EXERCISE:
Will you output the entries below exactly, skipping every image they contain?
=== DATASET RECORDS ===
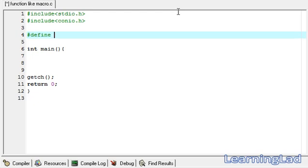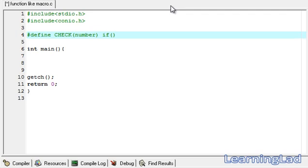First we're going to use the #define preprocessor directive, then the name of our macro — it's going to be 'check' — and it's going to take a parameter called 'number'. For the macro definition we're going to use an if statement. If your macro definition is going to be more than one line, you can add a backslash and continue writing the macro definition on the next line.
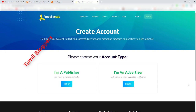In Google AdSense, there are many websites available. There is a website called Propeller Ads. You can connect it to your blog URL and run it as an advertisement instantly.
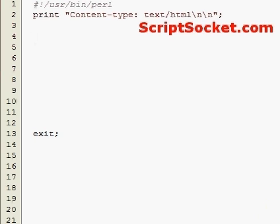Perl tutorial part 5, arrays part 2. This video carries on from the last video about arrays. To add or take away items from the end of an array — the right hand side — we use push and pop.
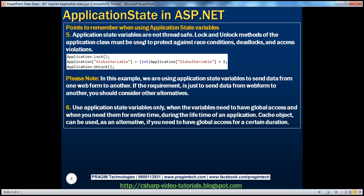Application state variables are not thread safe. They have global access and all sessions can read and write to them, which can cause concurrency issues. That's why you must synchronize access using the application object's lock and unlock methods. Before modifying an application level variable, call application.lock, which ensures only one thread can modify the variable at a time. Other incoming requests are queued until the unlock method is called by the current thread. This ensures thread synchronization and helps avoid race conditions, deadlocks, and access violations.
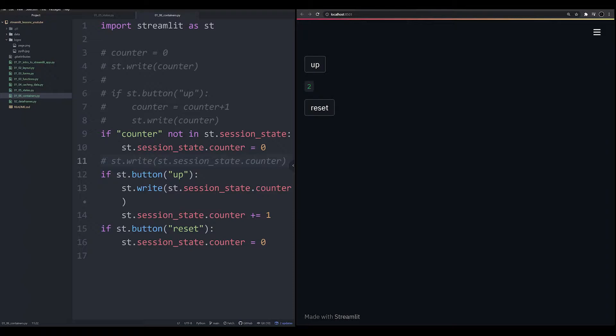In the last video, we looked at something called the session state, and I showed you how you could use the session state to store a variable outside of a rerun, so that you could allow a user to more dynamically engage with data.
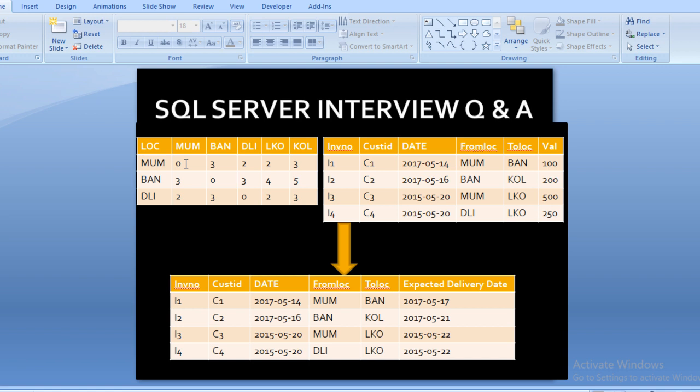The second table contains invoice information: invoice number, customer ID, date, from location, and to location. In the output, we want to calculate the expected delivery date using the location table. However, we cannot apply a JOIN between these two tables because the location table is not in normalized form. We need to rotate its columns into rows to normalize it.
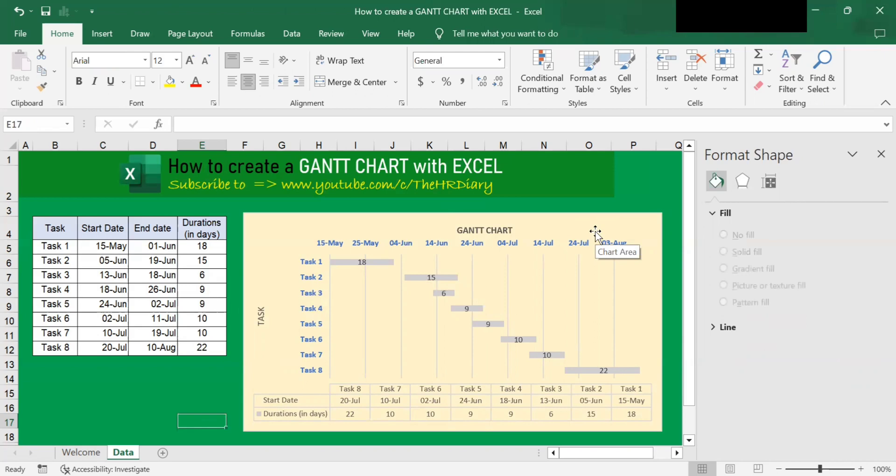Here you go, this is your GAN chart. That's it. Thanks for watching. Excel tricks by the HR Diary — don't forget to like, share and subscribe to the HR Diary channel.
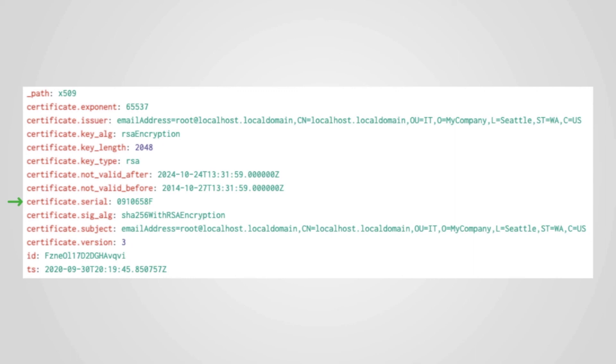If you have Corelight data going back months or years, it would be easy to search for certificate serial numbers and other indicators of compromise in your historical data in order to determine whether your organization was compromised at any point in the past.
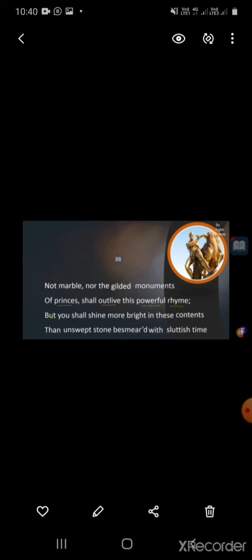With the passage of time everything decays, but the poet says that as he has written this poem in praise of his beloved friend, through this poem he has immortalized his friend. His friend will never be destroyed; even death cannot end him, because the poet has written this verse to immortalize his friend, praising his friend's beauty through poetry. So his friend will be alive till the day of judgment.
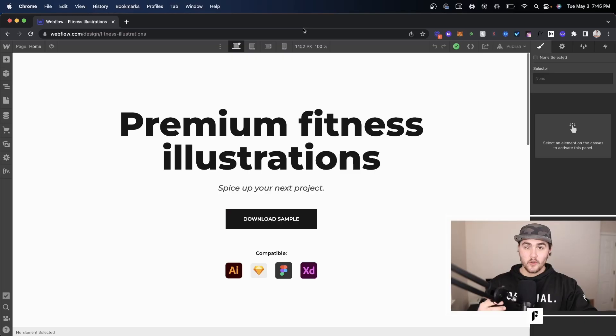Also stick around because at the end of this video I'm going to be showing you where you can actually host your Webflow site for free and it comes with custom domains, SSL certificates, the whole nine yards. But without any further ado let's get right into it.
===
COMPLETED EXERCISE:
First we're going to use the #define preprocessor directive, then the name of our macro — it's going to be 'check' — and it's going to take a parameter called 'number'. For the macro definition we're going to use an if statement. If your macro definition is going to be more than one line, you can add a backslash and continue writing the macro definition on the next line.
In Google AdSense, there are many websites available. There is a website called Propeller Ads. You can connect it to your blog URL and run it as an advertisement instantly.
Perl tutorial part 5, arrays part 2. This video carries on from the last video about arrays. To add or take away items from the end of an array — the right hand side — we use push and pop.
Application state variables are not thread safe. They have global access and all sessions can read and write to them, which can cause concurrency issues. That's why you must synchronize access using the application object's lock and unlock methods. Before modifying an application level variable, call application.lock, which ensures only one thread can modify the variable at a time. Other incoming requests are queued until the unlock method is called by the current thread. This ensures thread synchronization and helps avoid race conditions, deadlocks, and access violations.
In the last video, we looked at something called the session state, and I showed you how you could use the session state to store a variable outside of a rerun, so that you could allow a user to more dynamically engage with data.
The second table contains invoice information: invoice number, customer ID, date, from location, and to location. In the output, we want to calculate the expected delivery date using the location table. However, we cannot apply a JOIN between these two tables because the location table is not in normalized form. We need to rotate its columns into rows to normalize it.
Here you go, this is your GAN chart. That's it. Thanks for watching. Excel tricks by the HR Diary — don't forget to like, share and subscribe to the HR Diary channel.
If you have Corelight data going back months or years, it would be easy to search for certificate serial numbers and other indicators of compromise in your historical data in order to determine whether your organization was compromised at any point in the past.
With the passage of time everything decays, but the poet says that as he has written this poem in praise of his beloved friend, through this poem he has immortalized his friend. His friend will never be destroyed; even death cannot end him, because the poet has written this verse to immortalize his friend, praising his friend's beauty through poetry. So his friend will be alive till the day of judgment.
Also stick around because at the end of this video I'm going to be showing you where you can actually host your Webflow site for free and it comes with custom domains, SSL certificates, the whole nine yards. But without any further ado let's get right into it.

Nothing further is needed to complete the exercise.